Records supplied:
·····
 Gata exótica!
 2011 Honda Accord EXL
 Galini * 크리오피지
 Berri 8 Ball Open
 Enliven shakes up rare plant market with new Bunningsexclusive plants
·····
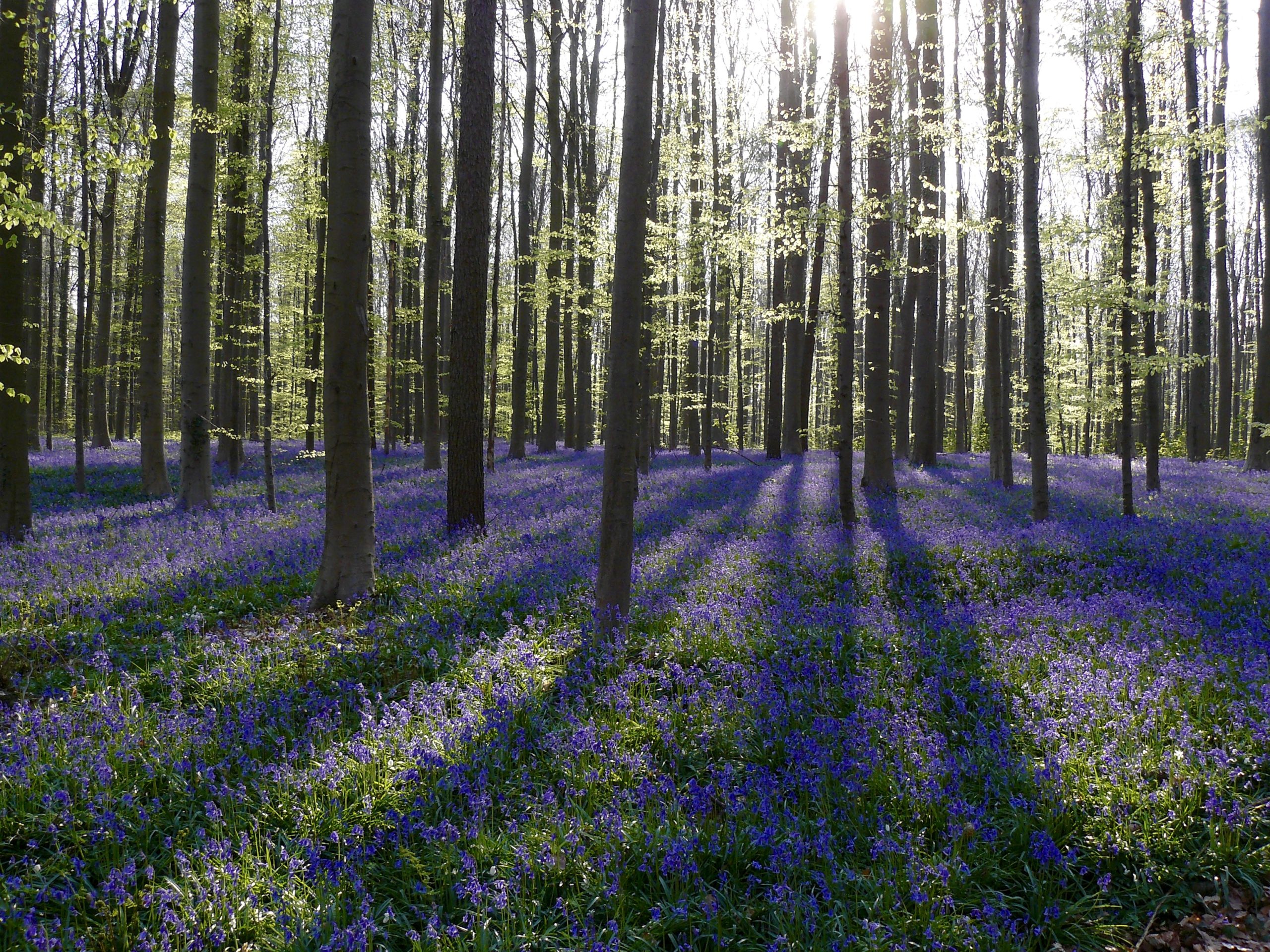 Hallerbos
·····
Exercise objective:
An exact copy of the lines above, from the one containing "Gata exótica!" down to the one containing "Enliven shakes up" and including both, is the whole answer; retype it and nothing else.

Task response:
 Gata exótica!
 2011 Honda Accord EXL
 Galini * 크리오피지
 Berri 8 Ball Open
 Enliven shakes up rare plant market with new Bunningsexclusive plants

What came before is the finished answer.